However, given the limited resources the imaging device has as mentioned above, the AI model implemented in the imaging device would still require a compression process such as quantization or pruning, which would make it difficult to enhance the inference performance. In other words, it would make it difficult to improve the inference accuracy or versatility (robustness of the inference performance to variations in the operating environment).

Therefore, similarly to PTL 2 mentioned above, this embodiment adopts the following technique, i.e., an AI model that performs a predetermined inference task is divided into an upstream model that extracts features from a captured image (hereinafter referred to as gupstream model 1a h), and a downstream model that performs an inference process based on the extracted features (hereinafter referred to as gdownstream model 2a h). A compression process is applied only to the upstream model 1a that is to be implemented in the imaging device 1. The downstream model 2a is implemented in a device downstream of the imaging device 1, i.e., the information processing device 2.

This approach allows an uncompressed model to be used as the downstream model 2a, minimizing the degradation in inference performance. The above configuration eliminates the need to transmit captured images from the imaging device 1 to the information processing device 2 and allows only the smaller size feature data to be transmitted, thus enabling a reduction in the amount of data that needs to be transmitted to the information processing device 2 for implementing the inference process. Further, the risk of image data leakage can be avoided, for better protection of privacy.

1-2. Configuration Example of Imaging Device
Fig. 2 is a block diagram illustrating a configuration example of the imaging device 1.
As shown, the imaging device 1 includes an image sensor 10, as well as an imaging optical system 11, an optical system driver 12, a controller 13, a memory unit 14, a communication unit 15, and a sensor unit 16. The image sensor 10, controller 13, memory unit 14, communication unit 15, and sensor unit 16 are connected via a bus 17, to be capable of mutual data communications.

The imaging optical system 11 includes lenses such as a cover lens, a zoom lens, and a focus lens, and an iris mechanism. The imaging optical system 11 guides and collects the light from the object (incident light) to a light-receiving surface of the image sensor 10.

The optical system driver 12 collectively illustrates the respective drivers of the zoom lens and focus lens in the imaging optical system 11, and of the iris mechanism. Specifically, the optical system driver 12 includes respective actuators for driving these zoom lens, focus lens, and iris mechanism, and drive circuits for the actuators.

The controller 13 is configured with a microcomputer that has a CPU, a ROM, and a RAM, for example, and performs overall control of the imaging device 1 by the CPU executing various types of processing in accordance with a program stored in the ROM, or a program loaded to the RAM.

The controller 13 gives instructions to the optical system driver 12 to drive the zoom lens, focus lens, iris mechanism, and so on. In accordance with these instructions to drive these parts, the optical system driver 12 actually moves the focus lens or the zoom lens, and opens or closes the blades of the iris mechanism.
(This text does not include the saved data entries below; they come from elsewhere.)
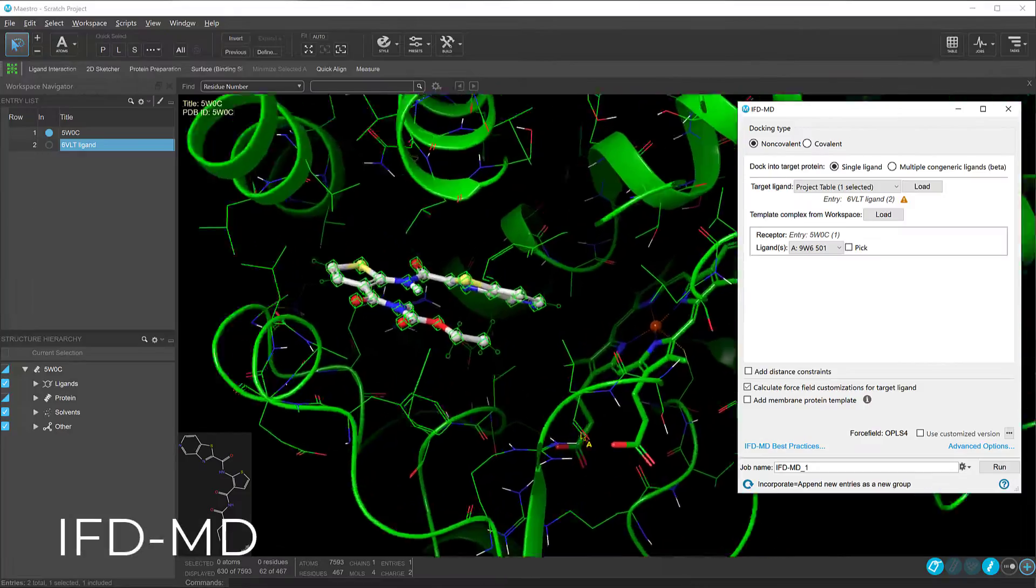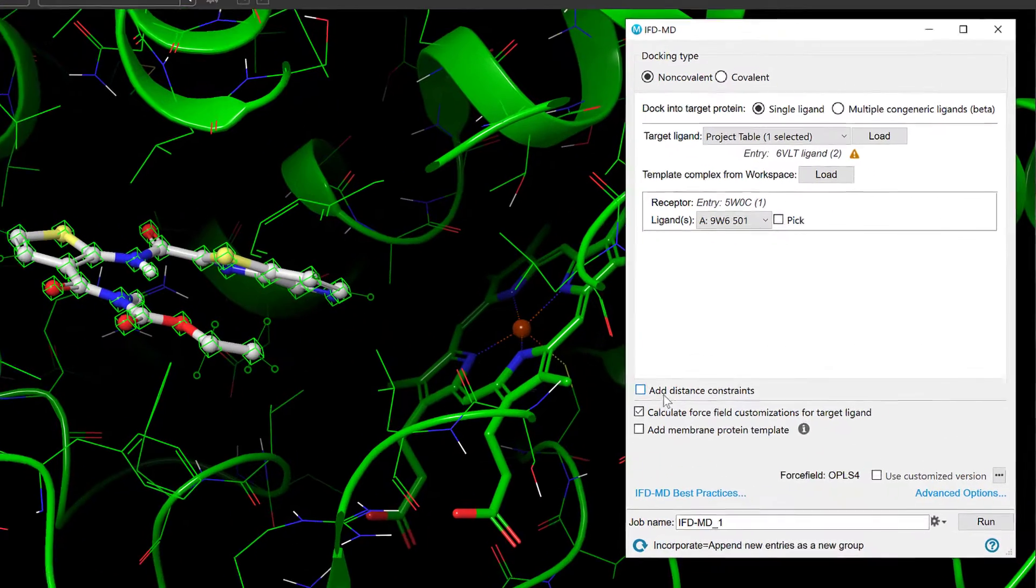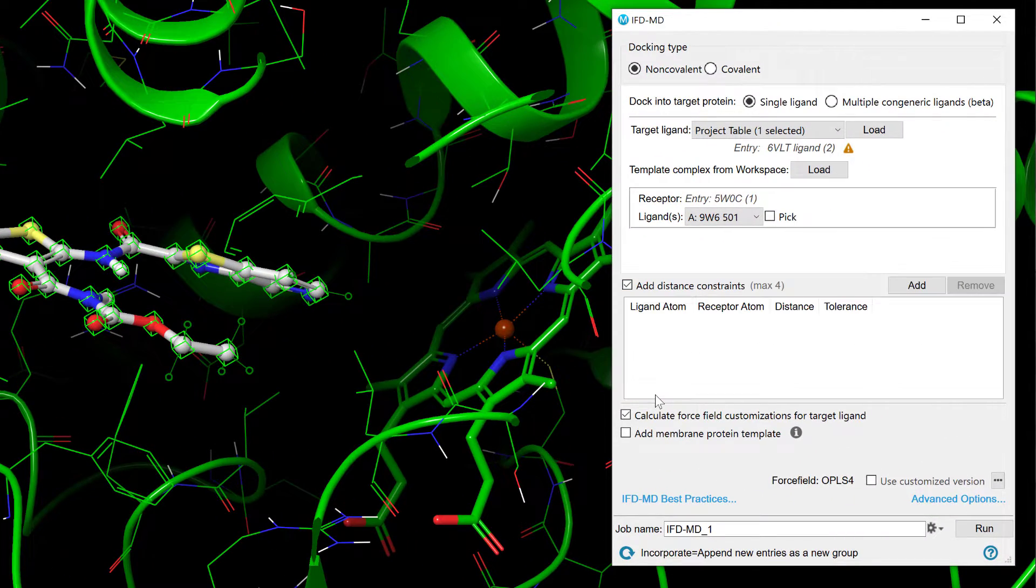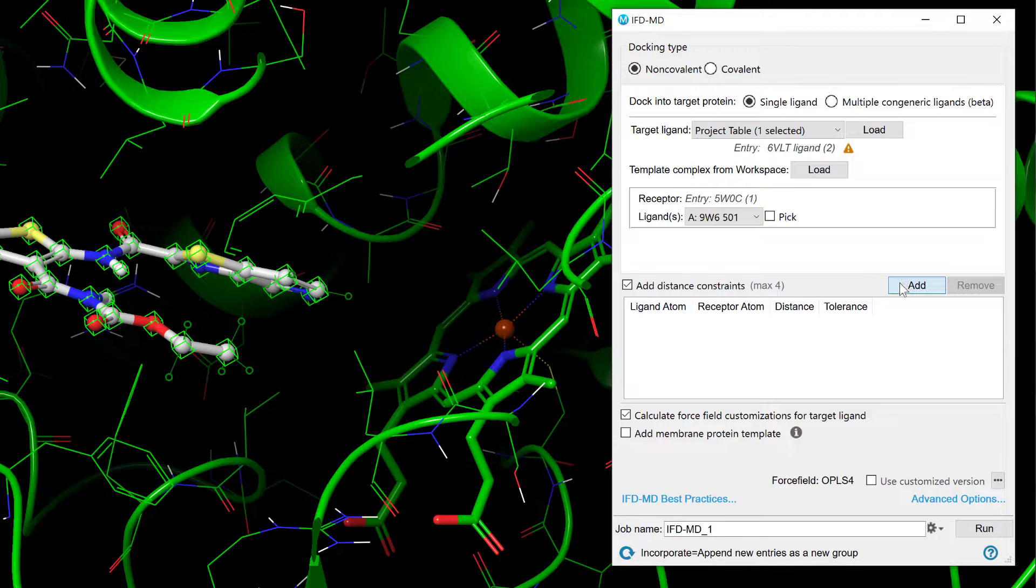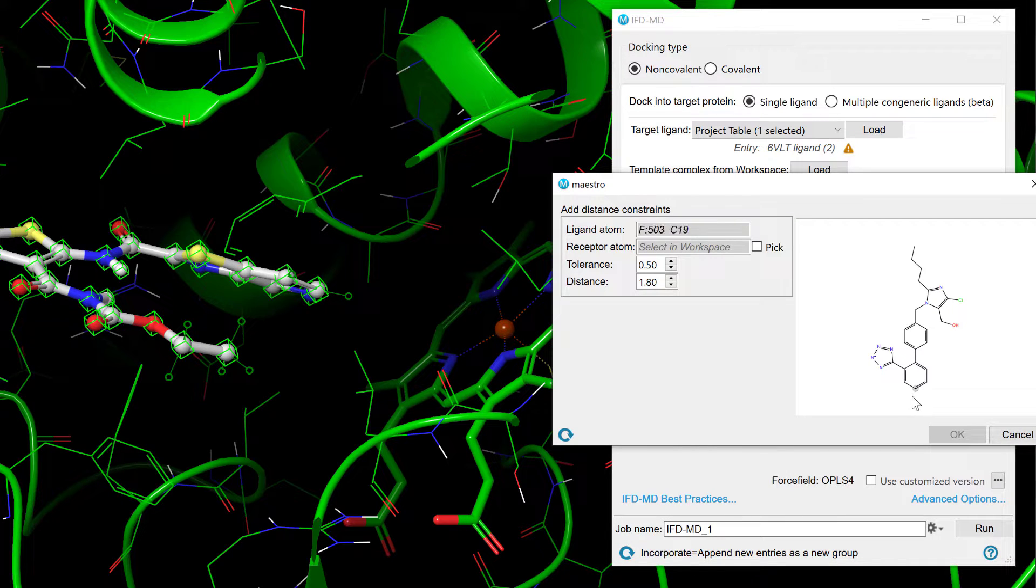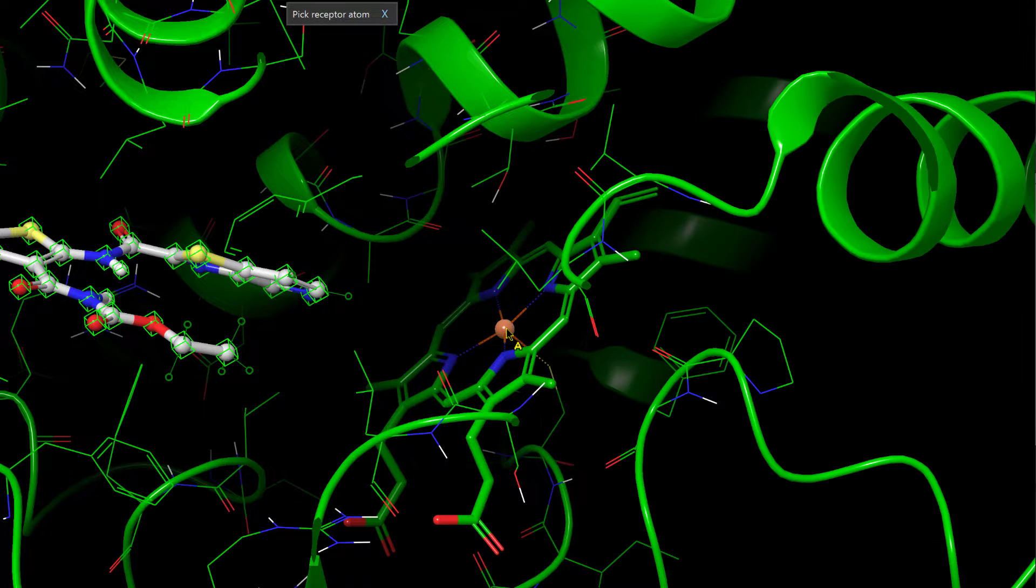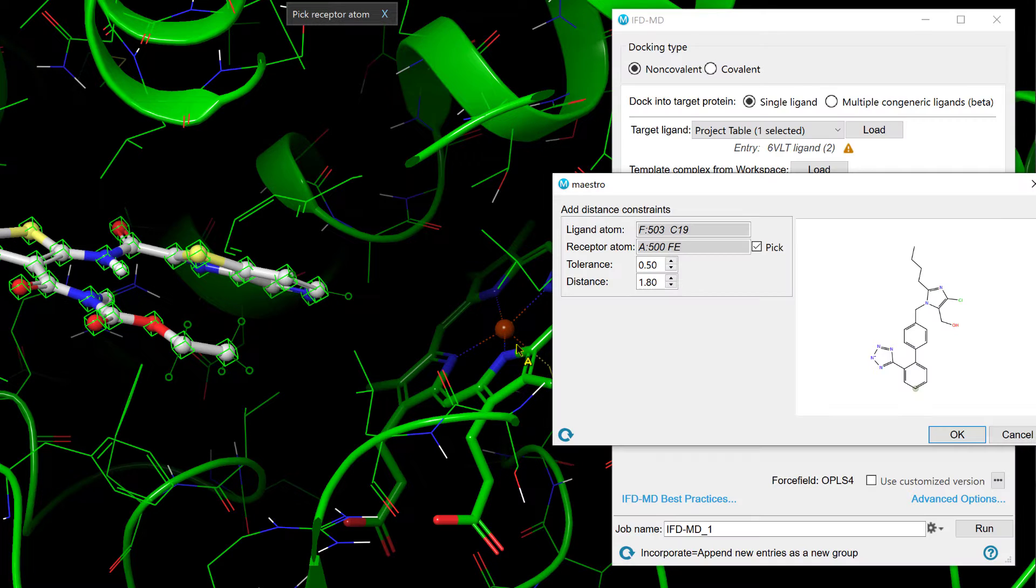Over in IFD-MD, it's now possible to apply pairwise distance constraints between the target ligand and the receptor. Simply specify the ligand atom in the 2D image and the receptor atom in the workspace, and then set the distance and tolerance.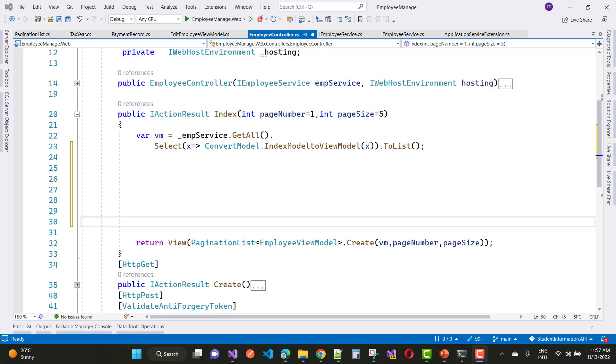Hey everyone, welcome to my channel Computer Programming. Today I am going to show you mapping a list of object models onto another list using LINQ.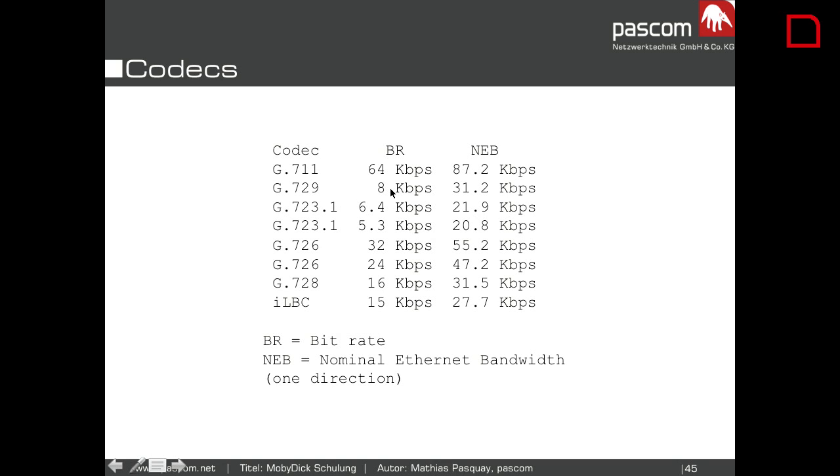The bitrate of G729 is really, really low, and it is almost like ISDN quality. It's a commercial codec you can buy. There are many, many other codecs. One of the most famous now — you may have heard about HD quality on the phone network — that's G722. That's the HD codec. It's also a free codec shipped with Asterisk, so you can test HD if you want. The problem is most SIP carriers don't use HD codecs — they use G711.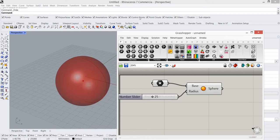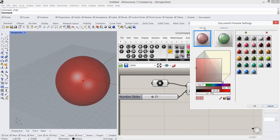But you can change this in Grasshopper too. Once you come over here to document preview settings and click on this, you'll see a menu.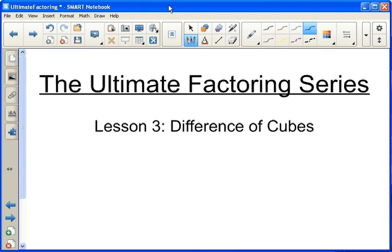The ultimate factoring series, lesson number three: the difference of cubes.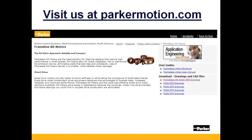Thanks for joining us today. Make sure to visit us at parkermotion.com for more information on our frameless motor, as well as other motion control products offered by Parker Hannafin.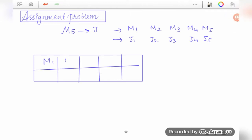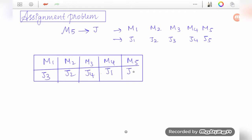Suppose machines M1 through M5 are there. Machine one has been assigned job three, machine two has been assigned job two, this one job four, this one job one, and this one job five. This is an ideal case — this should happen once we solve the problem. If any machine has not been allocated a job, there are a few steps to follow so that machine also gets allocated to a job.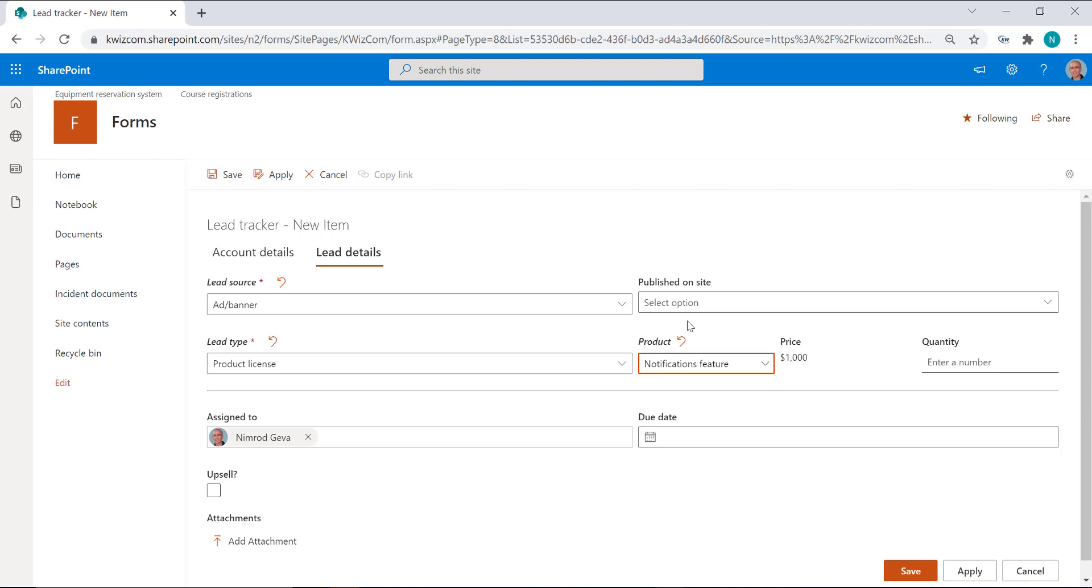...you're better off using full page forms which make it more convenient for your end users. That's it, thanks for watching!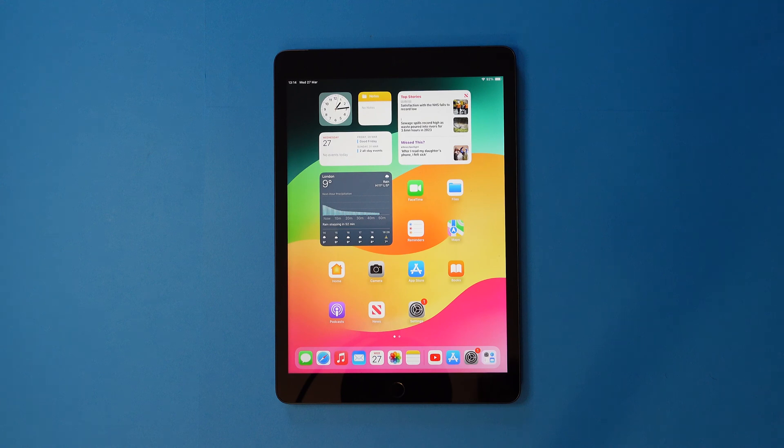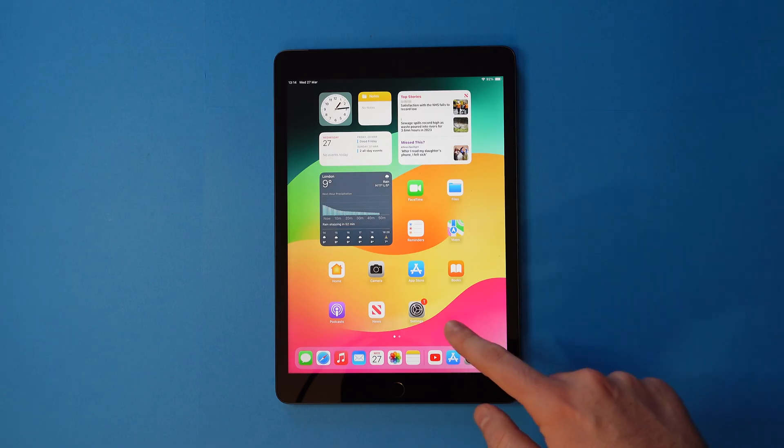Here's how to clear cookies on an iPad. Firstly, locate your settings app and head into it.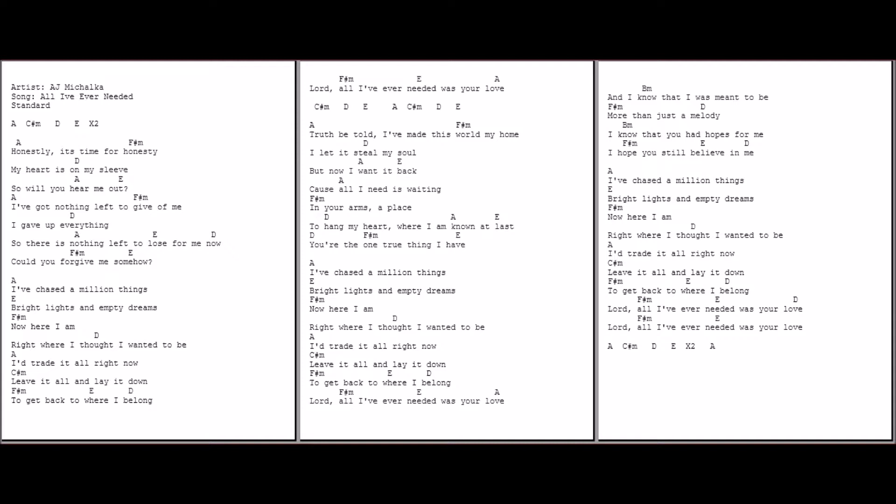Truth be told, I've made this world my hope. I let it steal my soul, but now I want it back. Cause all I need is waiting in Your arms, a place to hang my heart where I am known at last. You're the one true thing I had.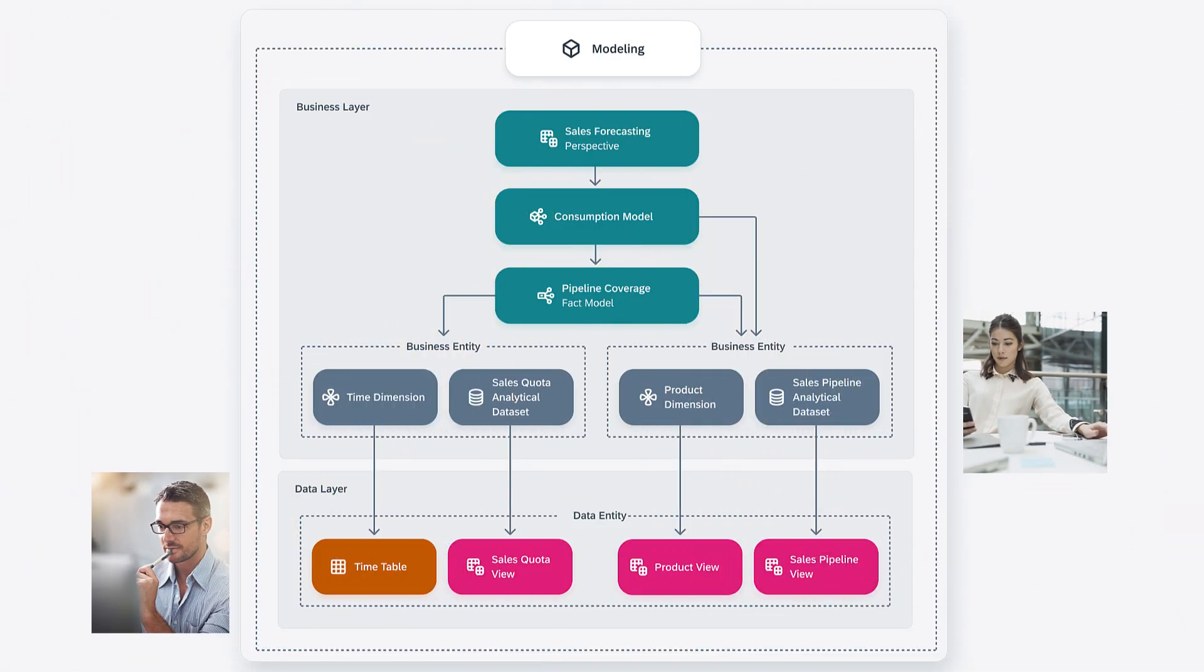This allows business users to work independently from data engineers while still being able to collaborate and share data with them. In the Business Builder, you create your models top-down and map them to the models in the data layer.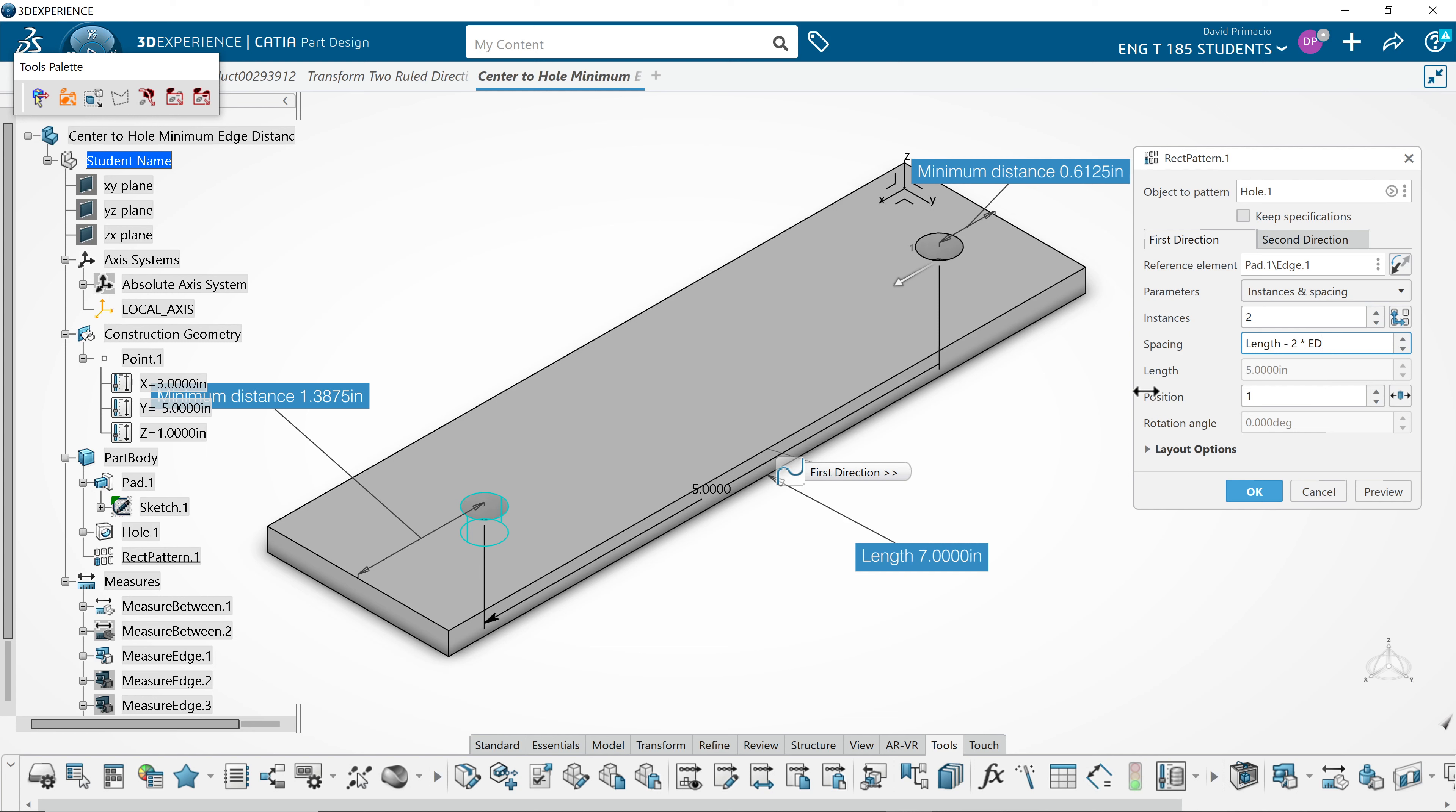What we're doing is we're taking the overall length of the part and we want to subtract out the distance on either side to give me the distance from one hole to the next.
The controller 13 also manages the writing and reading of various types of data to and from the memory unit 14.
The memory unit 14 is a non-volatile memory device such as an HDD (Hard Disk Drive) or flash memory device, for example, and used for storage of data that is used by the controller 13 in executing various operations. The memory unit 14 can also be used as a storage (recording) destination of image data output from the image sensor 10.

The controller 13 performs various data communications with external devices through the communication unit 15. The communication unit 15 in this example is configured to be able to perform data communication at least with the information processing device 2.

The sensor unit 16 collectively represents other sensors than the image sensor 10 in the imaging device 1. Examples of the sensors included in the sensor unit 16 may include GNSS (Global Navigation Satellite System) sensors or altitude sensors for detecting the location or altitude of the imaging device 1, temperature sensors for detecting the ambient temperature, and motion sensors such as acceleration sensors or angular rate sensors for detecting the motion of the imaging device 1, for example.

The image sensor 10 is configured as a solid-state image sensor such as a CCD or CMOS, for example, and includes an imaging unit 41, an image signal processor 42, an in-sensor controller 43, a feature extractor 44, a memory unit 45, a computer vision processor 46, and a communication interface (I/F) 47 as illustrated, which are capable of mutual data communications via a bus 48.

The imaging unit 41 includes a pixel array unit with a two-dimensional array of pixels, each containing a photoelectric converter such as a photodiode, and a read-out circuit that reads out electrical signals obtained by photoelectric conversion from each of the pixels in the pixel array unit.
This read-out circuit executes a CDS (Correlated Double Sampling) process and an AGC (Automatic Gain Control) process, for example, to the electrical signals obtained by photoelectric conversion, and also performs an A/D (Analog/Digital) conversion process.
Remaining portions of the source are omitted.